Jean-Pascal Gond Jean-Pascal Gond is Visiting Professor at HEC Montréal (Université de Montréal). His research builds on organization theory and economic sociology and investigates the social construction of Corporate Social Responsibility (CSR), and the role of social rating agencies in the development of socially responsible investment. His recent works also focus on the performativity of economic forms of rationality. His research has been published in journals such as Organization Science, Organization Studies, Journal of Management Studies, Human Relations, Business and Society, Business Ethics Quarterly, Journal of Business Ethics, Finance Contrôle Stratégie and Revue Française de Gestion.
Kenneth Starkey Ken Starkey is Professor of Management and Organisational Learning at Nottingham University Business School. His current research interests are management education, sustainable strategic management, the social theory of management and management and design. He has published articles in, for example, Academy of Management Review, Academy of Management Learning & Education, Strategic Management Journal and Organization Science. He is author of a number of reports on the future of management research and management education. His most recent book is The Business School and the Bottom Line (2007, Cambridge University Press, with Nick Tiratsoo).

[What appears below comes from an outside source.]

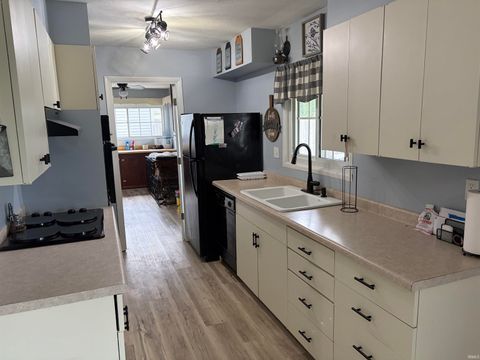 Tiny photo for 535 Twin Lakes Avenue, Monticello, IN 47960 (MLS # 202619918)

Alex Wright Alex Wright is Lecturer in Strategy at The Open University Business School in the UK. He received his PhD. from Nottingham University Business School. His current research interests are focused on strategy-as-practice, performativity in the public sector, and dynamic routines as communications. He has held posts as Visiting Scientist at Bremen University, Germany, and Research Fellow at UNISA, South Africa.